EnKF - only observing x, big red star is true state 31

EnKF - exact same truth, different model noise 32

Particle filter - sampling from the posterior, not just tracking the truth 33

Pros and cons Kalman filter - very efficient, but requires linearity. Can be expensive in high dimensions. 3DVAR - very efficient, requires tuning and has no uncertainty quantification EnKF - very efficient, works in high dimensions, provides UQ but not for non- Gaussians Particle filter - samples from the posterior, but very inefficient in high dimensions. 34

Thank you for listening! Slides are on my website dtbkelly.com 35

Predicting chaotic systems with sparse data lessons from numerical - PowerPoint PPT Presentation

Predicting chaotic systems with sparse data lessons from numerical weather prediction David Kelly, Courant Institute, NYU 1 A toy atmospheric model We have a three dimensional variable evolving in ( x, y, z ) time, governed by a

Sparse Matrices Example Of Sparse Matrices diagonal tridiagonal sparse many elements are

Agile Leadership The Business World is Chaotic The world is a chaotic and complex place.

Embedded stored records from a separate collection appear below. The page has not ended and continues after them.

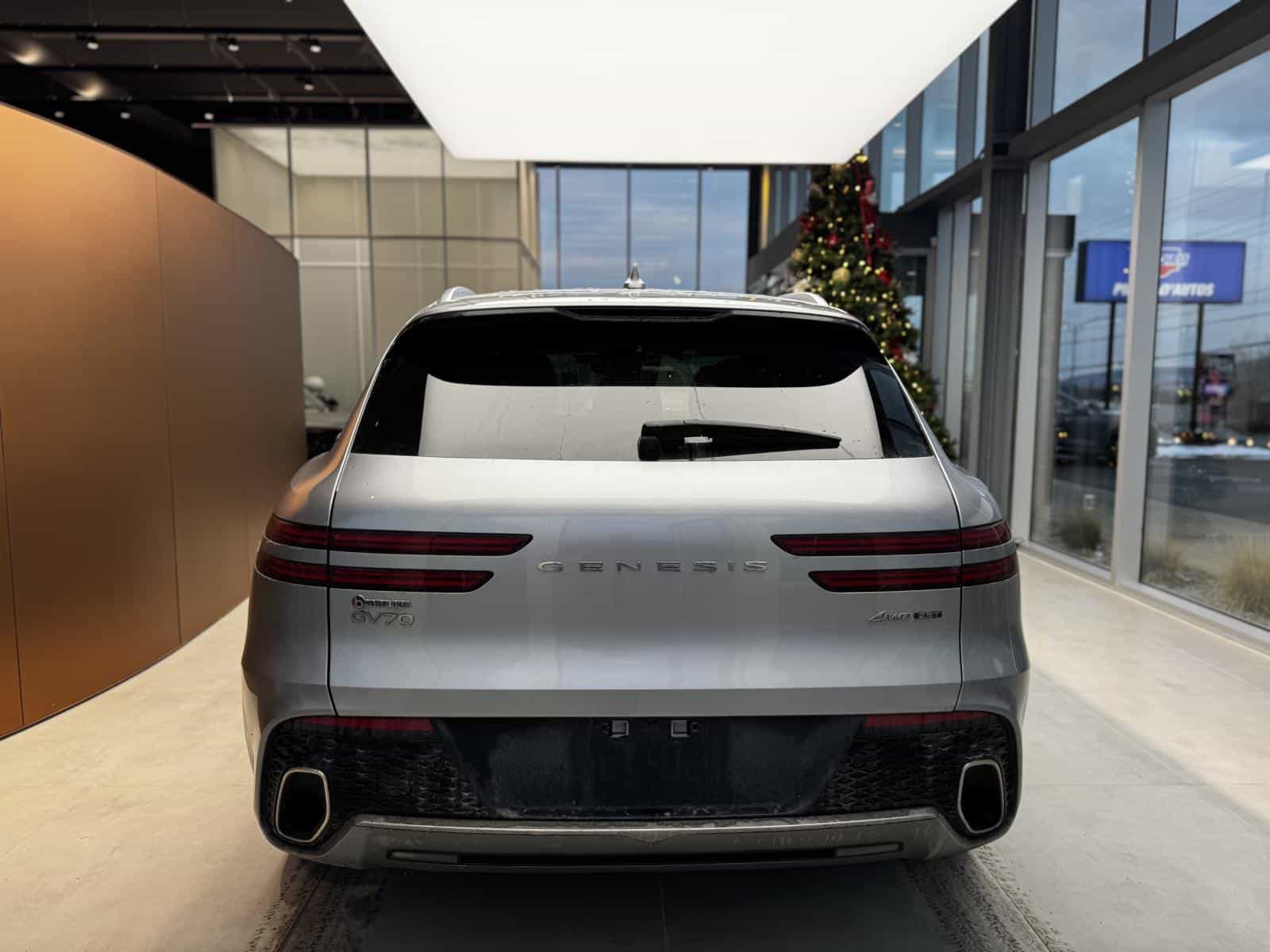 2024 Genesis GV70 Advanced Plus 2.5T - Image 7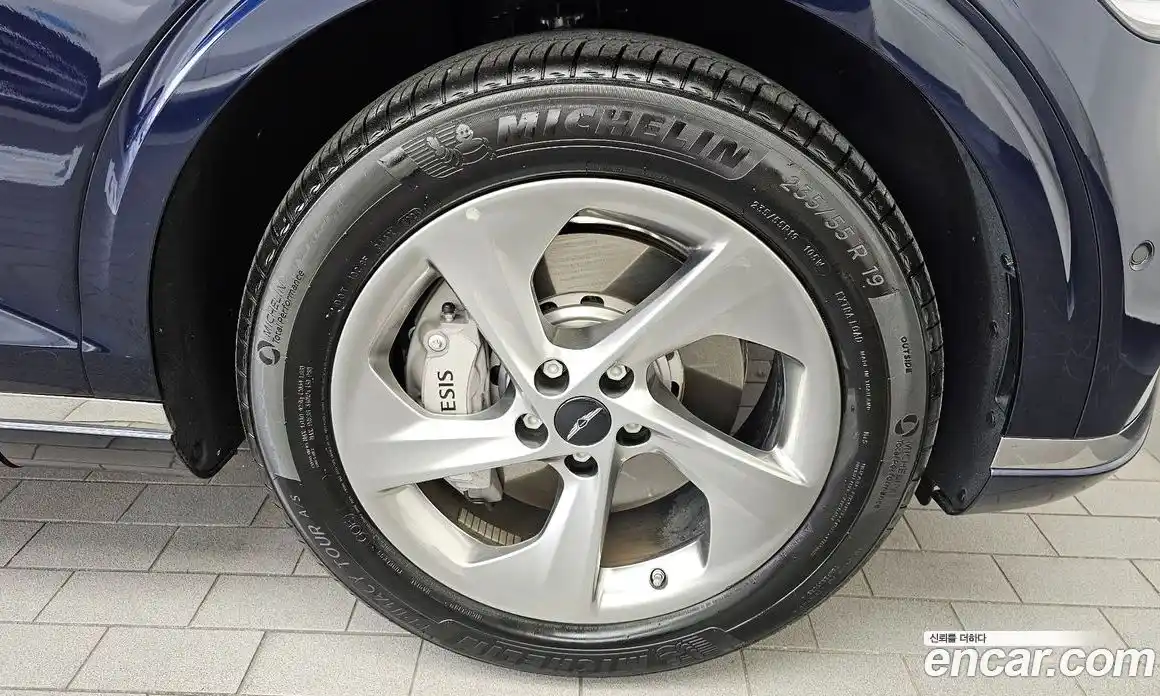 Genesis GV70 2025 2.5 Автомат в Москве № 57055, фото 9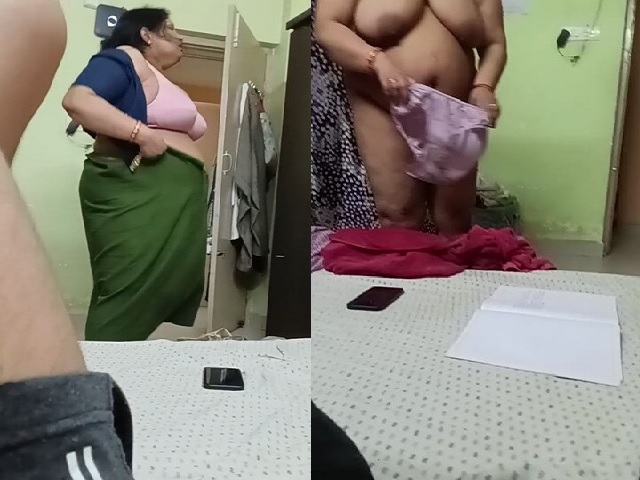 daughter recording mom nude body viral dress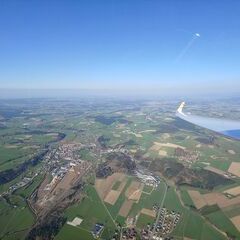 Flugwegposition um 15:57:04: Aufgenommen in der Nähe von Gemeinde Vöcklamarkt, Österreich in 1471 Meter
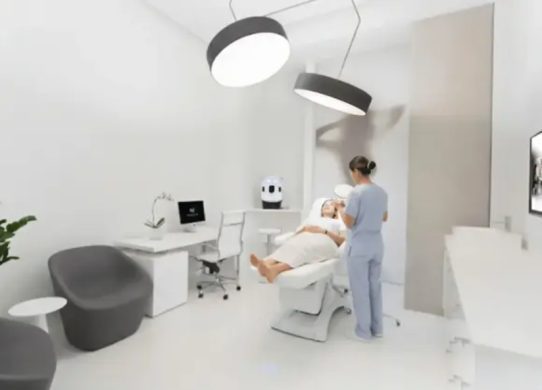 How Visual Content Changes the Way Patients Research Skin Clinics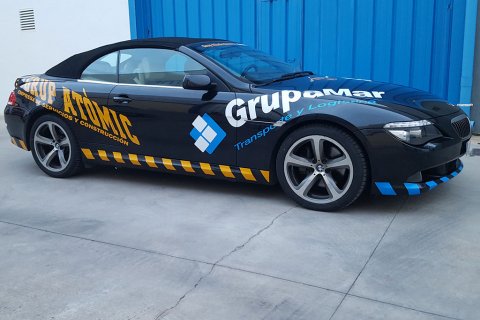 Rotulación  en coche BMW con las imágenes corporativas de Grup Atomic y GrupaMar.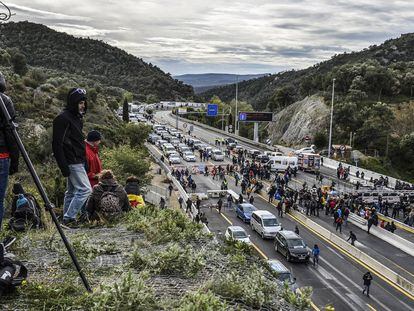 El corte de carretera en La Jonquera, en imágenes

Making sense of energy in a chaotic environment by Chris Yelland CEng www.ee.co.za Outline

Chaotic motion Chaotic motion (chaos, or deterministic chaos) is aperiodic motion sensitive

Chaotic Extension of an Operator on a Hilbert Subspace Kit Chan Bowling Green State University

Sparse Matrices sparse many elements are zero dense few elements are zero Example Of

Sparse tensors are a natural way of representing real-world data 1 Sparse tensors are a natural

Fast Chemical Reactions in Chaotic Flows: Predicting the Product Growth Rate Yue-Kin Tsang

Welcome Predicting Change Outcomes Leveraging SQL Server Profiler Lee Everest SQL Rx Predicting

Secure Chaotic Spread Spectrum Systems Jin Yu Jin Yu WISELAB, ECE Department WISELAB, ECE

Wavefunctions in chaotic quantum systems Arnd B acker Institut f ur Theoretische Physik

Parallel Numerical Algorithms Chapter 4 Sparse Linear Systems Section 4.1 Direct Methods

Predicting Return to Work Predicting Return to Work with Data Mining with Data Mining Claim A

May 2018 ALL THINGS ADAPTED LESSONS What are adapted lessons? therapeutic music lessons

Lessons Learned Lessons Learned From From Lessons Learned Lessons Learned From From

On complexity of chaotic elementary cellular Abstract automaton with memory: Rule 126

Highly-Scalable Algorithms for Ensemble Data Assimila8on Jeffrey

Recursive State Estimation Lecture 7 Perception as a Continuous Process Perception as a

Homework 2 CSE 573: Artificial Intelligence Autumn 2012 Particle Filters Particle Filters for

Outline Sequential Data - Part 2 Greg Mori - CMPT 419/726 Hidden Markov Models - Most Likely

RF-based DFAR and implicit ad-hoc usable security Stephan Sigg Aalto University, Communications

Random iteration and disjunctive processes Krzysztof Le sniak Faculty of Mathematics and

Motion in more than one dimension Vector equations of motion Different components (dimensions)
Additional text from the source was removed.